- WORK REQUEST
All that should come back is the lines of the data below from the one containing "Mar 27, 2023;" to the one containing "Smiling business people", inclusive, exactly as they stand.

- DATA RECORDS
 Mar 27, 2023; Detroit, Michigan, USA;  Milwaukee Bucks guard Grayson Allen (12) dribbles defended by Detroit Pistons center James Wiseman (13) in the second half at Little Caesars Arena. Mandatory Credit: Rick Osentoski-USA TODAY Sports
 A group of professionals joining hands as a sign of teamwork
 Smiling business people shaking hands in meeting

==

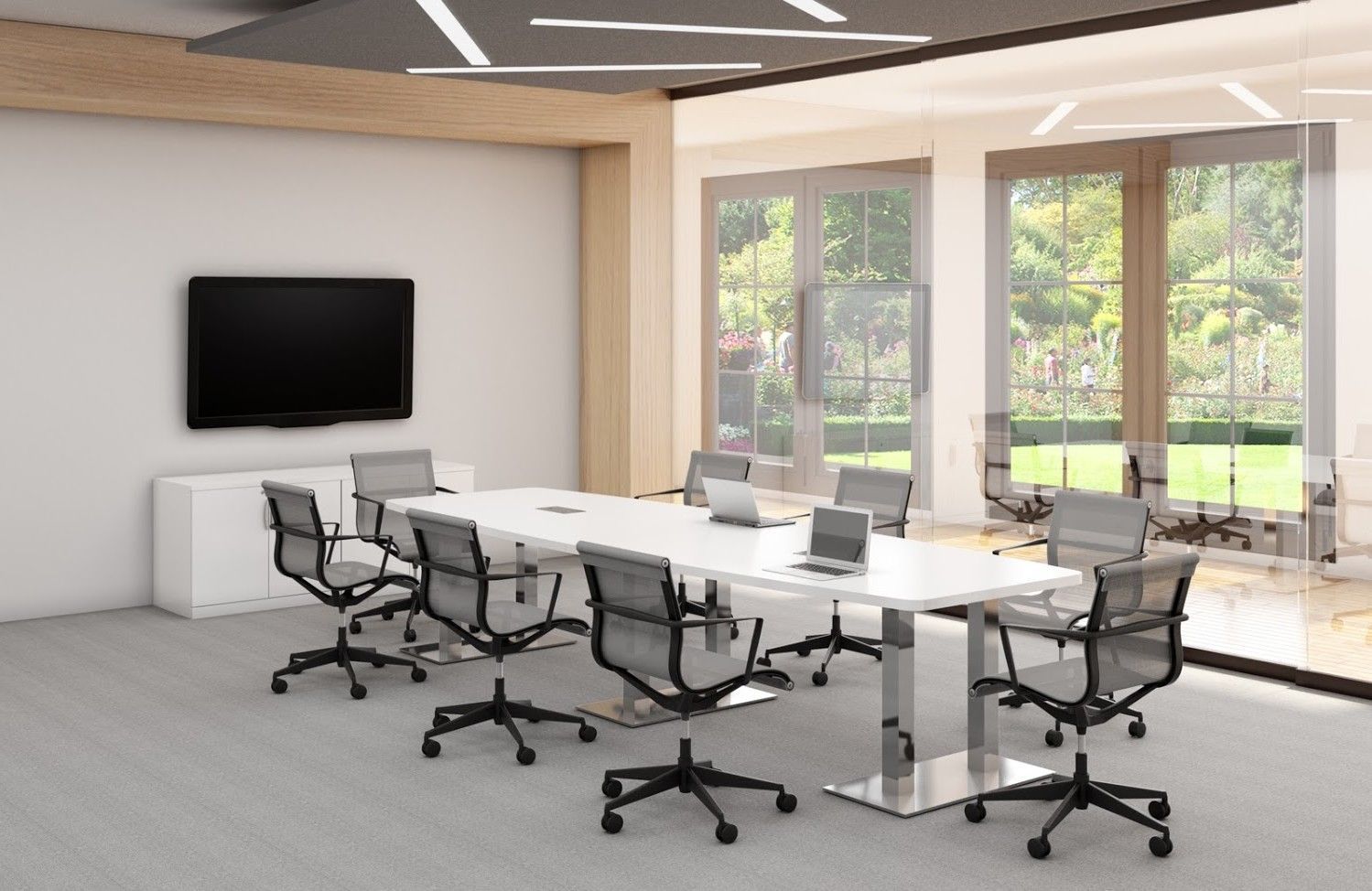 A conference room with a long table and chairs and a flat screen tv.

---

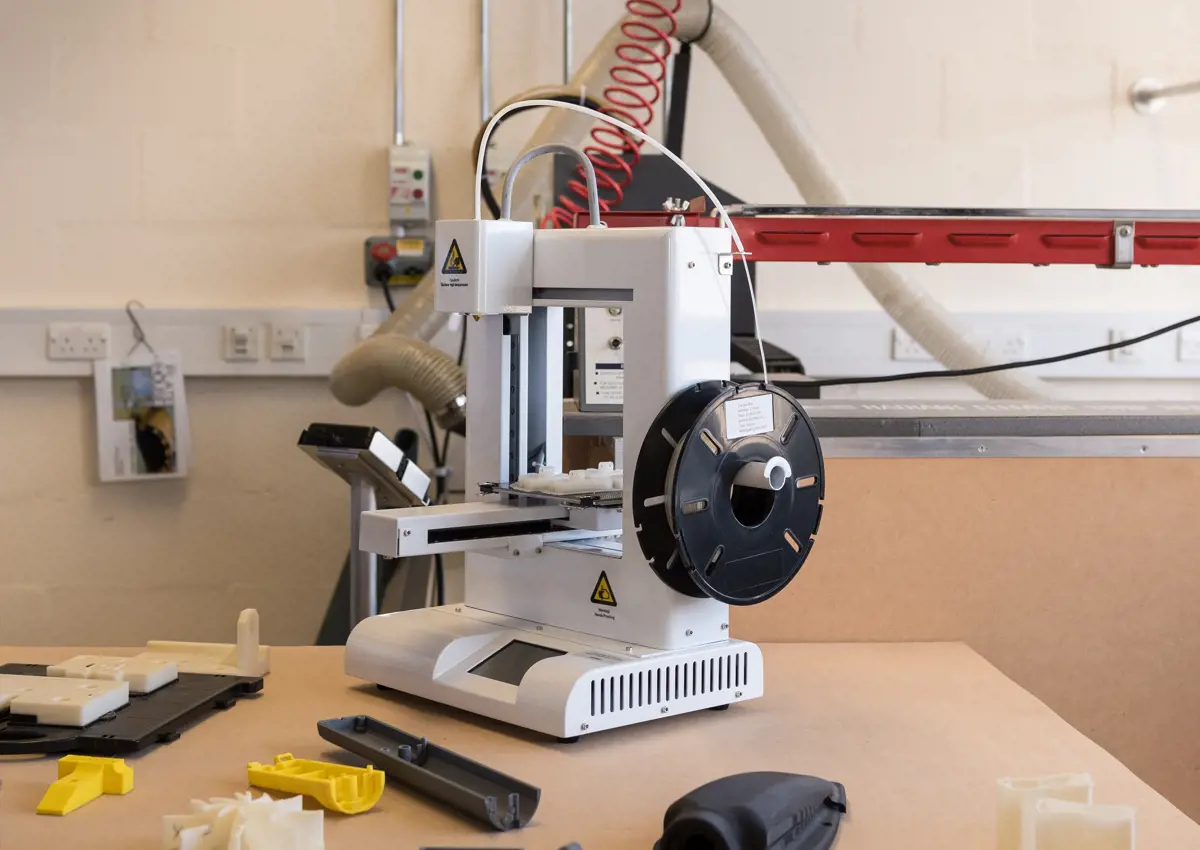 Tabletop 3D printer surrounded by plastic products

- ANSWER SECTION
 Mar 27, 2023; Detroit, Michigan, USA;  Milwaukee Bucks guard Grayson Allen (12) dribbles defended by Detroit Pistons center James Wiseman (13) in the second half at Little Caesars Arena. Mandatory Credit: Rick Osentoski-USA TODAY Sports
 A group of professionals joining hands as a sign of teamwork
 Smiling business people shaking hands in meeting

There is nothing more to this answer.